Decentralized Finance has had a pretty impressive year. Following the DeFi Summer of 2020, decentralized apps (dApps) have seemingly popped up everywhere.
In addition, it has been lucrative. According to DeFi Pulse, the total value locked (TVL) in DeFi is around $48 billion at the time of writing.
As this emerging new financial sector grows, governments and regulatory bodies are taking notice. However, making regulations and policies around this new sector is not easy because of its decentralized nature.
As a result, at the beginning of June 2021, the World Economic Forum released its DeFi Policy-Maker toolkit. It aims to help policy-makers understand the world of DeFi and how to address it.

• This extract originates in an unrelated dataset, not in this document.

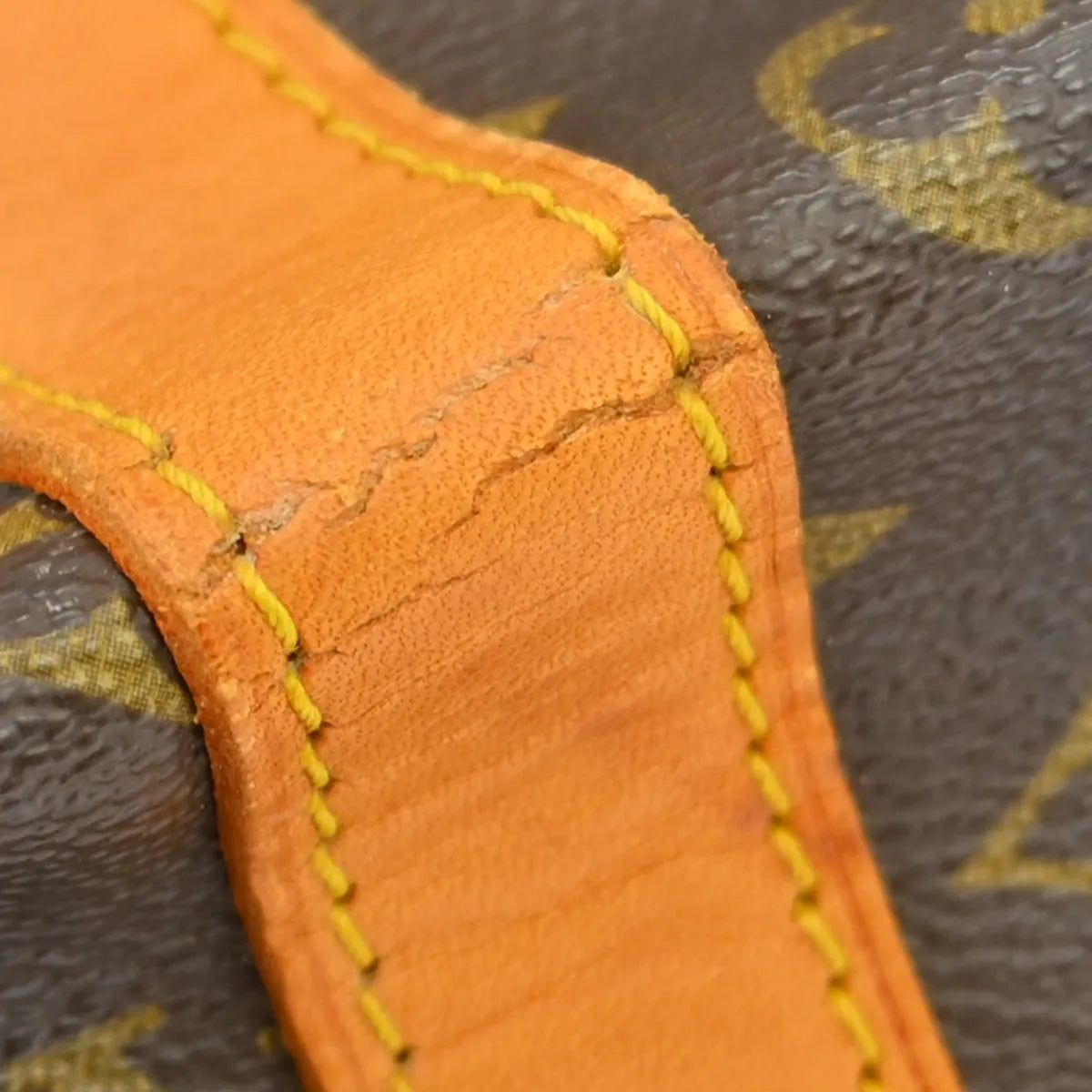 Louis Vuitton Keepall Monogram Canvas Brown Canvas Travel Bag Bag (Pre-Owned)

The toolkit is a collaboration between the Wharton School and the WEF. As a result, it pooled expertise to develop a framework that is understandable and effective.

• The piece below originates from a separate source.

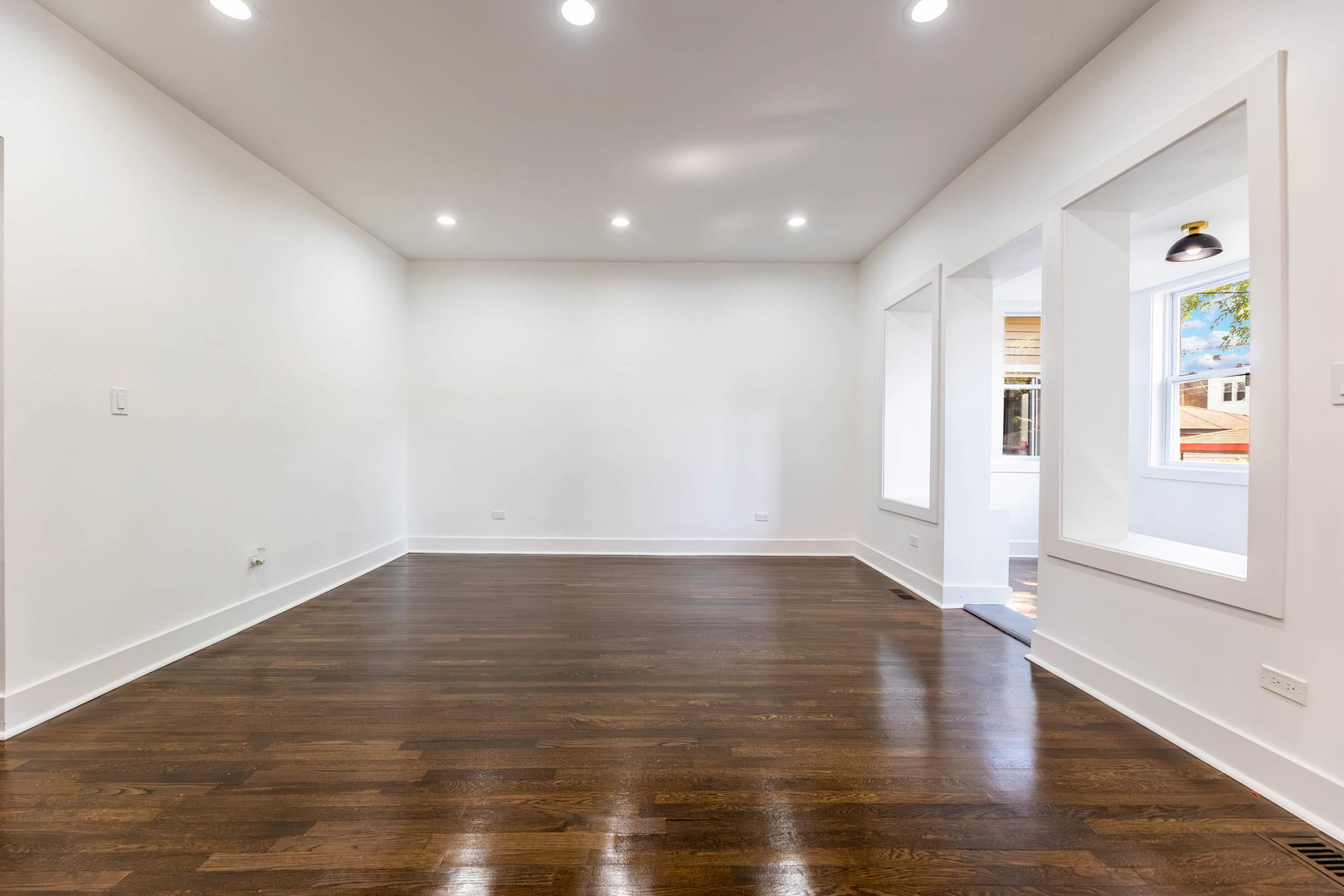8025 S Euclid Avenue Property Photo 10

“The DeFi Policy-Maker Toolkit was under development for approximately a year,” explains Werbach.
“We assembled a global team of experts from governments, DeFi projects, academia, investors, and traditional finance, and then did an extensive development process of research, analysis, workshops, and feedback from external reviewers.”
More than just an outline
As expressed by its name, the toolkit is something tangible and useful. Rather than being a proposal that simply outlines what DeFi is and how policy-makers can understand it, it provides the tools they need to create a policy with it.
“DeFi is new and fast-evolving. It’s hard to get your arms around financial services without intermediaries or custody.”
“I think most policy-makers want to understand how real DeFi is, where it differs from traditional finance, and what potential opportunities it creates as well as the dangers,” says Werbach.
As a result, the toolkit includes template questions and appendixes. These help policy-makers draw out a map of the DeFi landscape they need to understand.
For example, there is a background assessment tool. It helps policy-makers outline the tops risks, assessing their in-house knowledge and from where they could find useful input.
“The toolkit does not recommend specific policies. It is designed to help policy-makers and regulators understand what DeFi is, the major risks it poses, and how to think about the policy questions that arise.”
“Our goal was to give policy-makers the tools and frameworks to make good decisions about DeFi,” Werbach explains.
A balancing act
For Werbach, the project featured significant challenges when coming up with its structure and propositions.
“DeFi is growing and evolving extremely fast. From the time we started the project to the release of the Toolkit, there were major changes and significant developments.”
“The other challenge was speaking in a language that was sophisticated enough to capture the depth of DeFi activity, yet clear enough for readers not steeped in the technology and assumptions of the digital asset world. We tried hard to write a balanced report that highlighted what is exciting about DeFi, yet also gave a clear picture of the risks and challenges,” he says.
On that front, the toolkit outlines five categories of risk for DeFi. These are financial, technical, operational, legal, and emergent.
These risk areas consider some of the issues already seen in the space. These include hacks, the flash loan crisis, DeFi runs, and others.
However, these warnings are not to put off policy-makers by simply outlining the risks. Rather they provide these to show how to move forward with a new sector that isn’t going away anytime soon.
“We hope policy-makers will heed our advice to address DeFi systematically by starting with their core public policy goals. We also hope this report will demystify the DeFi phenomenon, so they can move forward with a good understanding of the issues.”
“The Toolkit is filled with worksheets and other resources that policy-makers can use as they are analyzing DeFi issues and companies. It is structured to be a practical resource that will help them move forward in developing appropriate policies in this area. We also hope the Toolkit will help DeFi experts and developers better understand the regulatory and public policy process,” says Werbach.
A warm enough welcome
Much like in other parts of the crypto world, the issue of regulation can split the community. Regulation can either be seen as a help or a hindrance, depending on the organization’s interests.
However, for Werbach, most participants in the toolkit project were happy to work with those involved.
“We found many influential members of the DeFi community eager to work with our project. There are definitely some DeFi developers more interested in working with regulators than others, but I believe the major projects recognize that if they want DeFi to become a legitimate, trusted segment of financial services, legal and regulatory concerns need to be addressed.”
A global outlook for local implementation
Understandably, policy-makers work within the jurisdictions they reside in. As a result, the toolkit provides a macro-consideration for those who would be working on a micro-level.
Therefore it could not provide insight for each country interested in using it. Rather it acts as a global tool that can be used within a variety of national contexts.
As such, a country like El Salvador, which has taken a welcoming stance on cryptocurrencies, specifically bitcoin, will find value when considering a policy for DeFi.
At the same time, a country like the U.S., which has been warier, as seen by the slow movement of the SEC on ETF applications, can also use these tools in its more reserved context.
“The DeFi Policy-Maker Toolkit is a global report.”